You were my first dog and I loved you more than words could ever say. Although you didn't always enjoy my company (as a kid, I was sometimes a little too affectionate), I know deep down you loved me, too.
When you left, my heart hurt for a very long time. It was weird coming home from school and not seeing you at the door. I used to resent hearing you bark every time the neighbor's Shih-Tzu walked past our house, but I started to miss that. And I always hated having to share my food when you were drooling on my leg, but I found myself wishing you were there to split my hamburger with. The little things we did together, like playing tug-o-war or taking a walk around the block, quickly became things I couldn't do anymore.
We all miss you so much. Mom misses you jumping up and cuddling with her. Dad really misses playing catch in the yard with you. Your sister misses teasing you endlessly. And me, well I just miss having you around. You always made life a little more interesting. I wish you could have been here to see all the fun things we've done the past few years. It's not the same without you here.

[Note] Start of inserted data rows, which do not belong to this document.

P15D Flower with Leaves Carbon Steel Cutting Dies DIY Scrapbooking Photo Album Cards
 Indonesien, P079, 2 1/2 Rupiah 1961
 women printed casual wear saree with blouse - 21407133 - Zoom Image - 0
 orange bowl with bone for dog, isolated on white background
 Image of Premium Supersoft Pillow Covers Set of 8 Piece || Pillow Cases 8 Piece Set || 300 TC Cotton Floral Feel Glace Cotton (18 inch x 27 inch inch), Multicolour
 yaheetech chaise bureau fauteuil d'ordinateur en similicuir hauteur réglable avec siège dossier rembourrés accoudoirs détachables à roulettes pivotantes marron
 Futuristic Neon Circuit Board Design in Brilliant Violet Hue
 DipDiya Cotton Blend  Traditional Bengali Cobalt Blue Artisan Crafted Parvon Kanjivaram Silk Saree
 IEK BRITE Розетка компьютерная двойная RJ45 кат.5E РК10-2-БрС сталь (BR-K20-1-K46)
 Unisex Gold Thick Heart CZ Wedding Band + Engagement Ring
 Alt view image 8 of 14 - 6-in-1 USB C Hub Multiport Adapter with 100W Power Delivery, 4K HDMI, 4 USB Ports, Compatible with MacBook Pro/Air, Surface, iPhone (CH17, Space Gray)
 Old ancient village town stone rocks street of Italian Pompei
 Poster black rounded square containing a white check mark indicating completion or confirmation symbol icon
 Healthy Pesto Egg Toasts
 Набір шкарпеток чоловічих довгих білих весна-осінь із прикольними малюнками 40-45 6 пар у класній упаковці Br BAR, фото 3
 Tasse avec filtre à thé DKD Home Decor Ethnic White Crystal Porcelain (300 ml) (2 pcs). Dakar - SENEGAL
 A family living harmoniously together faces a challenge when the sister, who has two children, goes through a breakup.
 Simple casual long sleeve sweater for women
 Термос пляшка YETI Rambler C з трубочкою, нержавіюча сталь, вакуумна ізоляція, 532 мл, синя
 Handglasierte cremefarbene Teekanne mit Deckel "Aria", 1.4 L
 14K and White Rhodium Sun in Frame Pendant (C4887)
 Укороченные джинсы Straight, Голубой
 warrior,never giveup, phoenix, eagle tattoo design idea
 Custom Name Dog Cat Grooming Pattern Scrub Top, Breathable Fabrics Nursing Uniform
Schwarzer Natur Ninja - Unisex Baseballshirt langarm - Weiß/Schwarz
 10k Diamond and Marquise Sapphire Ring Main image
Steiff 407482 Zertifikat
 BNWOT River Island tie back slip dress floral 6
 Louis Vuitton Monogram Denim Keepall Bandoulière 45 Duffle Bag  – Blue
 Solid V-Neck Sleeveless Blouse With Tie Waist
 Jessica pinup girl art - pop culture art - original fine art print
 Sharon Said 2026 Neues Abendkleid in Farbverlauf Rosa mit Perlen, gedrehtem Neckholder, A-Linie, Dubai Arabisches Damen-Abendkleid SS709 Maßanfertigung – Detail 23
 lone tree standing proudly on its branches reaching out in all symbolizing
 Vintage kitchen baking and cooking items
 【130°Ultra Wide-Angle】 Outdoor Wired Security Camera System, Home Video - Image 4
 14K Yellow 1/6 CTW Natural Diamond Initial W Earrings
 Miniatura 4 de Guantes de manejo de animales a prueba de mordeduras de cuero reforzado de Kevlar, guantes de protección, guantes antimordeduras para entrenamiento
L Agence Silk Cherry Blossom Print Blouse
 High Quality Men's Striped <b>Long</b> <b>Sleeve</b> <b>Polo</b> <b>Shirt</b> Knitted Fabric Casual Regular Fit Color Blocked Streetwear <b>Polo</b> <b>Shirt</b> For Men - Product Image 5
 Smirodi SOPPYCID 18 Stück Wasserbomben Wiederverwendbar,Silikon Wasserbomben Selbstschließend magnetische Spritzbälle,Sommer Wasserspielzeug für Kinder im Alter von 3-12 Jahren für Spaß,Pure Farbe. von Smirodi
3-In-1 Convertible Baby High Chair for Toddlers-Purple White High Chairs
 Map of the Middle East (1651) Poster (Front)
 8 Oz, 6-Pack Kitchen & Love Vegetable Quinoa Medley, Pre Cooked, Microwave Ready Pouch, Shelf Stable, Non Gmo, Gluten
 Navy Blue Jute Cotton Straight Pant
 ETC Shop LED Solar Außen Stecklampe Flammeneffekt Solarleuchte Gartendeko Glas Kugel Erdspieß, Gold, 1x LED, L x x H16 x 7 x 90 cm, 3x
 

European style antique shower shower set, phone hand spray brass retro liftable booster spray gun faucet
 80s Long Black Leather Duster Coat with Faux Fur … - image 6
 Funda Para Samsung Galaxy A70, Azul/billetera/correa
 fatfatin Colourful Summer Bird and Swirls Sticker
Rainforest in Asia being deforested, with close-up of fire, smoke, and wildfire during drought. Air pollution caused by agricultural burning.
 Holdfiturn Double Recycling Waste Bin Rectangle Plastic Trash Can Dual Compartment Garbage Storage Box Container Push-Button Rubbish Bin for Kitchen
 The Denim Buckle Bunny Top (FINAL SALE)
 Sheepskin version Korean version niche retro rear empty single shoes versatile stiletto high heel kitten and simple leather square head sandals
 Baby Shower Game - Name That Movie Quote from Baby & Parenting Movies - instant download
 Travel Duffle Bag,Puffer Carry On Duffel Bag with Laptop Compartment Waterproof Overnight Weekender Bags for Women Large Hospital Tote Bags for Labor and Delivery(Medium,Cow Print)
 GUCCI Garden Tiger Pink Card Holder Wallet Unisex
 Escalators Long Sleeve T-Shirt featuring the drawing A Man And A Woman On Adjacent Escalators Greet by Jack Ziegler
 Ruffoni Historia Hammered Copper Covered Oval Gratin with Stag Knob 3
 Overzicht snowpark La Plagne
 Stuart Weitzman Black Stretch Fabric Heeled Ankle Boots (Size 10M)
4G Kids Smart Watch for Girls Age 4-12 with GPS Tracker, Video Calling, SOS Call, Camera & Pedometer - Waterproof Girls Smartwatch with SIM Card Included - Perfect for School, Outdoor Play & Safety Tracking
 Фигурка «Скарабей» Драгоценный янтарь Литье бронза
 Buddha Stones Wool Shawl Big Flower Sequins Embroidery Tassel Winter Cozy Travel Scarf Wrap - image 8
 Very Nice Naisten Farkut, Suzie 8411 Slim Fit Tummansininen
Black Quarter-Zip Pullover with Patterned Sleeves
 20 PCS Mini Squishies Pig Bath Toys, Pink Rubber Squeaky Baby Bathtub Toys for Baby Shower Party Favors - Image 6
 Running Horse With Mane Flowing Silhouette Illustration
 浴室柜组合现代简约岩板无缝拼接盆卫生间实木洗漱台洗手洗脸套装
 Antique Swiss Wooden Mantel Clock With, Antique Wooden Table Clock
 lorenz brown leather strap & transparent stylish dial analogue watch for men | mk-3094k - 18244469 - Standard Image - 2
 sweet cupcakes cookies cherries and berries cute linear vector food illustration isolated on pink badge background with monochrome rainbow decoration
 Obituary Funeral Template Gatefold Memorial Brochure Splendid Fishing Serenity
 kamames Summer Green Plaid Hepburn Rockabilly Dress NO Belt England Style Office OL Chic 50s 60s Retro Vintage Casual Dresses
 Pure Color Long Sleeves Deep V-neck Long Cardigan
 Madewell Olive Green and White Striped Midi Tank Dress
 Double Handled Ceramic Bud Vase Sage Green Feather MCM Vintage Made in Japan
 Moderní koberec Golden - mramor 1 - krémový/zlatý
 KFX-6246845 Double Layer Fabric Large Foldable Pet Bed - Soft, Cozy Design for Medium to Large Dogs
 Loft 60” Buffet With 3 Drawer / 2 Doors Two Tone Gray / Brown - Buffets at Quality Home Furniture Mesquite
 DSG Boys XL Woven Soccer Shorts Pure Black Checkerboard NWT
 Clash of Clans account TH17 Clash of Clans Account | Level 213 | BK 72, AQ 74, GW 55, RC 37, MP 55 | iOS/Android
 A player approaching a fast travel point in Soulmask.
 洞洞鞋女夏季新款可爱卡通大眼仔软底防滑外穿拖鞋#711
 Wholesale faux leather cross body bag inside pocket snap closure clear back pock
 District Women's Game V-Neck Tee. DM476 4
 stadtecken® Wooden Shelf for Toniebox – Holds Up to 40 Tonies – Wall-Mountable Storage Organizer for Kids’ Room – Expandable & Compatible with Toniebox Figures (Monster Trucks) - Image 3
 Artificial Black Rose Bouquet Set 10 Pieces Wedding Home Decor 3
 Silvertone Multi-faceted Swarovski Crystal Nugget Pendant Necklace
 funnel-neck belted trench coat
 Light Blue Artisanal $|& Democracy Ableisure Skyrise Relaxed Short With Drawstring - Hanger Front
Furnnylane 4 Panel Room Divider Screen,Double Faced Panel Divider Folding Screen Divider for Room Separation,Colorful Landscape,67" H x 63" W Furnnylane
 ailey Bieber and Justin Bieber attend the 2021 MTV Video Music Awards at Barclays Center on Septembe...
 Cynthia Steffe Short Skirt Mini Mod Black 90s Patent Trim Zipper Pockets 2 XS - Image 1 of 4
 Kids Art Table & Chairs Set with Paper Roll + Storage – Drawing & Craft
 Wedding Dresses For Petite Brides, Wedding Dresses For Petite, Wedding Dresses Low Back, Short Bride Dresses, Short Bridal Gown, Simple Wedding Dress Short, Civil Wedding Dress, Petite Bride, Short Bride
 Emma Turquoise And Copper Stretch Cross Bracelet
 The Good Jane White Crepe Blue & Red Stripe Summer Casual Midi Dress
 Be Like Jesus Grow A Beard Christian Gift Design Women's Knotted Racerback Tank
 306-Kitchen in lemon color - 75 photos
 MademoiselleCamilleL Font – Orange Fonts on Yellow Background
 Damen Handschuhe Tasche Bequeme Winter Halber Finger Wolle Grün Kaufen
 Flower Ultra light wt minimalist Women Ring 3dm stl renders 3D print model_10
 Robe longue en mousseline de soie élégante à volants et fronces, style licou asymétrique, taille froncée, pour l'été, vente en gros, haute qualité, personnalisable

I want to thank you for being the best dog you could be. We were not always the nicest people; bugging you when you wanted to sleep or not sharing our ice cream with you. But at the end of the day, you were family. Seeing you go through the pain you went through was so hard so we had to let you go. We hope you understand. You gave us 14 years of laughs and love and we could never repay you for that.
I hope you don't feel replaced by the new dog. She's a little crazy, you definitely wouldn't like her. But she would have absolutely loved you. It took a while to convince mom to let us get another dog -- she said she didn't want anyone other than you. But we finally got her to crack (you know she's easy to convince) and we brought the puppy home. And she makes me so happy, like how you did when you were here. She's no replacement, but she brought life back to our dog-less home.
And although no words could ever describe how much I wish you were still here, you gave us a lifetime of happiness in your numbered days. We are forever grateful for you and miss you every single day.
Love,
One of your favorite humans
(P.S. I hope you're having fun up there with grandma, your #1 human. If we can't have her, we're glad you can.)